Cyril Hanouna | |
Birth Name: | Cyril Valéry Isaac Hanouna |
Birth Date: | 1974 9, df=yes |
Birth Place: | Paris, France |
Nationality: | French & Tunisian |
Other Names: | Le bouffon devenu roi, Baba |
Known For: | Touche pas à mon poste ! |
Occupation: | Broadcaster, writer, actor, comedian, singer |
Cyril Valéry Isaac Hanouna (in French pronounced as /siʁil valeʁi izak anuna/; Arabic: سيريل فاليري إسحاق حنونة|link=no; born 23 September 1974) is a French radio and television presenter, writer, author, columnist, producer, singer and occasional actor and comedian of Tunisian origin. He hosts the French TV show Touche pas à mon poste.
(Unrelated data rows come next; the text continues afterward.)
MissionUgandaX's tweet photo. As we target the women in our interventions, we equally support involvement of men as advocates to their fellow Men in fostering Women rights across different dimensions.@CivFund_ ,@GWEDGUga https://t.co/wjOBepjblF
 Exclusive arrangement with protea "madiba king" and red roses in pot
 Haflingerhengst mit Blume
Hanouna was born into a Jewish family, the son of a general practitioner and a clothing shopkeeper who had both arrived in France from Tunis in 1969. Like his father, Hanouna first chose medical studies.[1] Having experienced academic difficulties in high school, he decided to study management with the goal of becoming a certified accountant, but later abandoned his studies.[2]
Hanouna made his television debut in 1999 on the TV channel Comédie+, where he composed the texts for its trailers. Hanouna became a television presenter in 2002 when he co-hosted the third series of La Grosse Émission alongside the comedy duo Kad et Olivier. In February 2002 he was approached by RTL Radio[3] and he hosted a radio show called Planet Arthur[4] alongside Manu Levy and Valérie Bénaïm. In 2003 he hosted the morning show Morning Live[5] on M6.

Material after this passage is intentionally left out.